However, while these innovations have been celebrated for enhancing customer experiences, they have also sparked privacy concerns. Consumers are increasingly questioning how their biometric data is stored and used—a challenge that brands must address to maintain trust.
Example 2:
Gen Z’s Privacy Paradox
Gen Z’s approach to data privacy reflects a paradox: while they are more likely than older generations to take protective measures (e.g., clearing cookies or using anonymous browsers), they are also more willing to share personal data if it results in better digital experiences. For example:
- A significant portion of Gen Z consumers supports social media platforms like TikTok despite controversies around data collection practices.
- They expect companies to be transparent about how their data is used and demand robust security measures.
This paradox highlights the delicate balance brands must strike between leveraging personalization and respecting consumer autonomy.
Key Takeaways for Brand Builders
Transparency is key when using AI-driven personalization. Consumers want value in exchange for their data—but they also want control over how that data is used.
Brands that proactively communicate their data policies and prioritize ethical practices will gain a competitive edge in building trust with younger generations.
exercise 4
Deep Dive Report – Series 1
Culture
A Global Perspective on AI’s Impact
AI isn’t just transforming businesses—it’s reshaping culture globally.
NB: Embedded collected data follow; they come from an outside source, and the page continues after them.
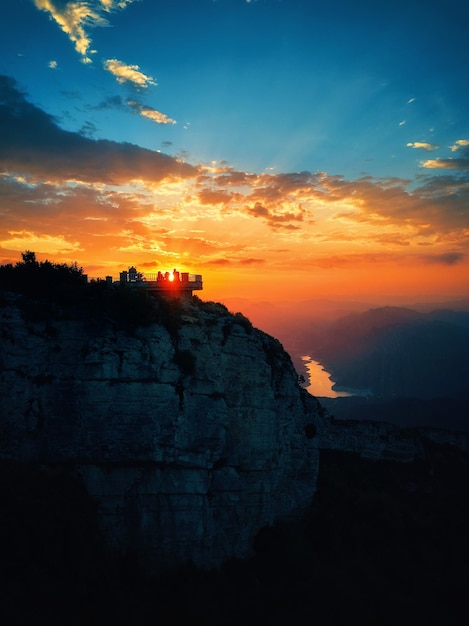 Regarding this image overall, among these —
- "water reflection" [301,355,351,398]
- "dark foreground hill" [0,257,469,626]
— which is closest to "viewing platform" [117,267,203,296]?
"dark foreground hill" [0,257,469,626]

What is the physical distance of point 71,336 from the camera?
86.3ft

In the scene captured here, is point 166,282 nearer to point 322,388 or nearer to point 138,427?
point 138,427

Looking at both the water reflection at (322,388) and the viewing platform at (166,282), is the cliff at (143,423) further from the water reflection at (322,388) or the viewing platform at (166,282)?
the water reflection at (322,388)

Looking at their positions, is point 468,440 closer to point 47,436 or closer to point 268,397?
point 268,397

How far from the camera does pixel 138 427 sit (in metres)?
25.3

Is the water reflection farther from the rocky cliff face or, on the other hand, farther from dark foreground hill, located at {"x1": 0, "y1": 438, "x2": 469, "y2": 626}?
the rocky cliff face

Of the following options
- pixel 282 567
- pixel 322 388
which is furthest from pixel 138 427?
pixel 322 388

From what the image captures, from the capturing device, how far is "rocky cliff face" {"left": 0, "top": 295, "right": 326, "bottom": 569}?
81.6ft

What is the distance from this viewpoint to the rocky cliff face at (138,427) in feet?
81.6

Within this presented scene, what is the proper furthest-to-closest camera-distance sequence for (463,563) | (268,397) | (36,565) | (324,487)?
(324,487) < (463,563) < (268,397) < (36,565)

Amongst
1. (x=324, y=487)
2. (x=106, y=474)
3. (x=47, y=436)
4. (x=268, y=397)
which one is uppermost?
(x=268, y=397)

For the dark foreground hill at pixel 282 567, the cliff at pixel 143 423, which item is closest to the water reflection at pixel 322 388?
the dark foreground hill at pixel 282 567

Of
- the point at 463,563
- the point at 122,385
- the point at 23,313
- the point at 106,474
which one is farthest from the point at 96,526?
the point at 463,563

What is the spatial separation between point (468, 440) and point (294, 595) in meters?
36.1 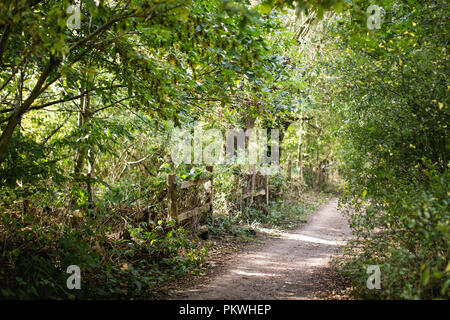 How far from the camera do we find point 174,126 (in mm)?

In developed markets like the U.S., Europe, and parts of Asia, AI is driving hyper-efficiency across industries—from finance to fashion.
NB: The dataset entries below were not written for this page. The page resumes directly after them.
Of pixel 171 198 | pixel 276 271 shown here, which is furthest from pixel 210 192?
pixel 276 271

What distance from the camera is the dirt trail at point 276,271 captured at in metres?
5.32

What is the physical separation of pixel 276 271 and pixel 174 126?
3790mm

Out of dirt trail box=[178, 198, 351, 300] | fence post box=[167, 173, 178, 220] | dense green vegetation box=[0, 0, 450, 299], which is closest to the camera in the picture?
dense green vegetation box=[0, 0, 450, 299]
However, in emerging markets like Africa or Southeast Asia, AI presents both opportunities and challenges.On one hand, AI can help leapfrog traditional barriers by providing access to new technologies previously out of reach. On the other hand, there’s a real risk of exacerbating existing inequalities if these tools aren’t accessible or affordable for everyone.
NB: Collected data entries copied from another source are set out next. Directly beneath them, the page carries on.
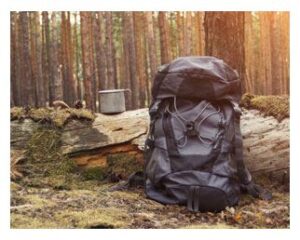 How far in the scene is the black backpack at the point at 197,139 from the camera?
2273mm

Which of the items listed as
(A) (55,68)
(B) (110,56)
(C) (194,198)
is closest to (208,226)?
(C) (194,198)

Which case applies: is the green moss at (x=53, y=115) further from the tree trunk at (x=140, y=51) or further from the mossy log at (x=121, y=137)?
the tree trunk at (x=140, y=51)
Culturally speaking, different regions also have varying attitudes toward AI adoption. In China or Singapore, there’s generally more acceptance of technology-driven solutions compared to Western markets where privacy concerns dominate discussions around AI.
Example:
Kenya’s Agricultural Transformation with EOS Data Analytics
In Kenya’s agricultural sector, companies like EOS Data Analytics are using satellite imagery combined with machine learning models to help farmers optimize crop yields. This partnership with Agrvision has empowered smallholder farmers who previously lacked access to advanced agricultural technologies by providing them with precise data on crop health and weather patterns. This approach not only enhances productivity but also contributes to sustainable food security programs in Eastern Africa.
Key takeaways for brand builders
When operating globally, be attuned not just to technological trends but also cultural nuances around privacy concerns and technology adoption rates. Understanding these differences is crucial for tailoring strategies that resonate across diverse markets.
exercise 5
The Dilution of AI
Clearing Up some of the Confusion
As AI becomes more integrated into everyday life, there’s a growing tendency to label anything remotely tech-driven as “AI.” Whether it’s augmented reality (AR), automation tools like robotic process automation (RPA), or even basic algorithms—many mistakenly lump them under the umbrella term AI. This dilution has led to misconceptions that confuse consumers and distort expectations around what true AI can do.
Common Misconceptions About AI
AI Equals Sentience
- Misconception: Many believe that because an algorithm can perform complex tasks like language generation or image recognition, it must be “intelligent” in a human sense.
- Reality: AI lacks consciousness, self-awareness, or emotional intelligence. It operates purely on patterns and correlations within data and does not “understand” its outputs.
- Example: ChatGPT can generate human-like responses but has no understanding ofthe meaning behind its words. It cannot reason or make decisions as a human would.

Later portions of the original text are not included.